* **TRY IT**
Only the lines below from the one containing "Vintage Chic Women" through the last line should be set down, exactly as written and with no pictures.

* **DATASET CONTENT**
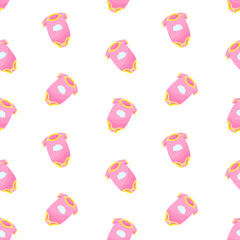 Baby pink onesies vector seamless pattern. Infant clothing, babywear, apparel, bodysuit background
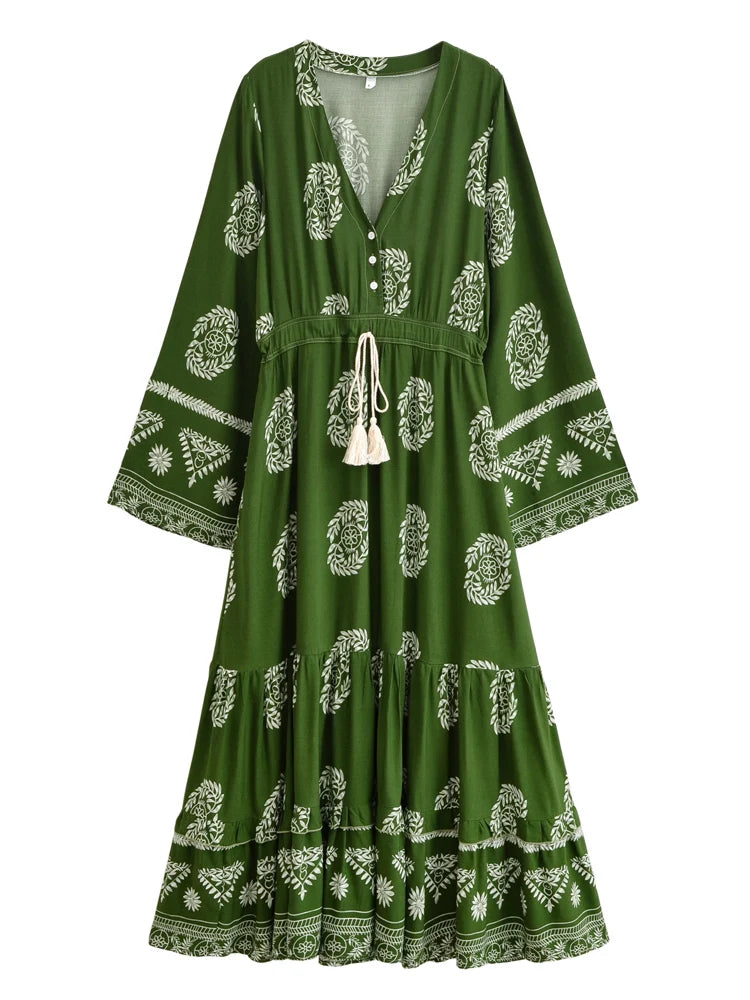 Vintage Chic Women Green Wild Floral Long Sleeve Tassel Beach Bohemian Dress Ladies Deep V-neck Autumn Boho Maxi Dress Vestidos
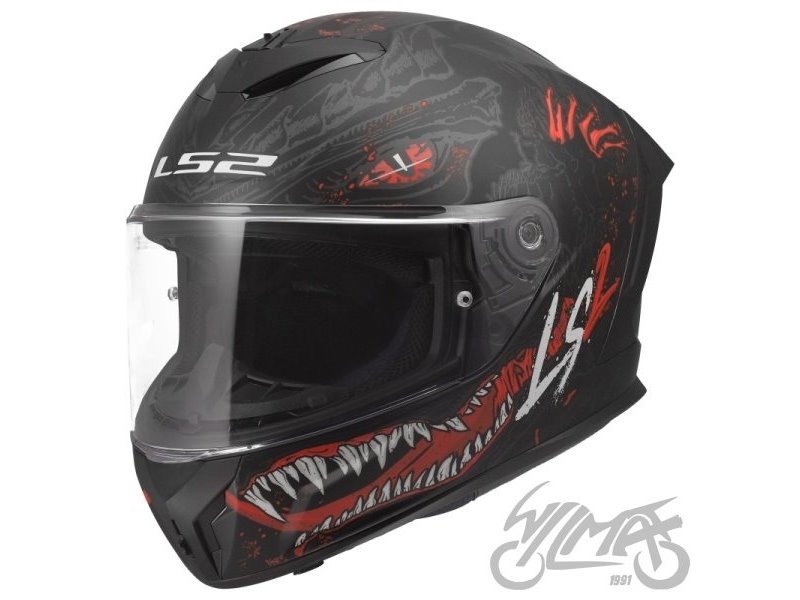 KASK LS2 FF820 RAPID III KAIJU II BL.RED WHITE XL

* **EXPECTED ANSWER**
 Vintage Chic Women Green Wild Floral Long Sleeve Tassel Beach Bohemian Dress Ladies Deep V-neck Autumn Boho Maxi Dress Vestidos
 KASK LS2 FF820 RAPID III KAIJU II BL.RED WHITE XL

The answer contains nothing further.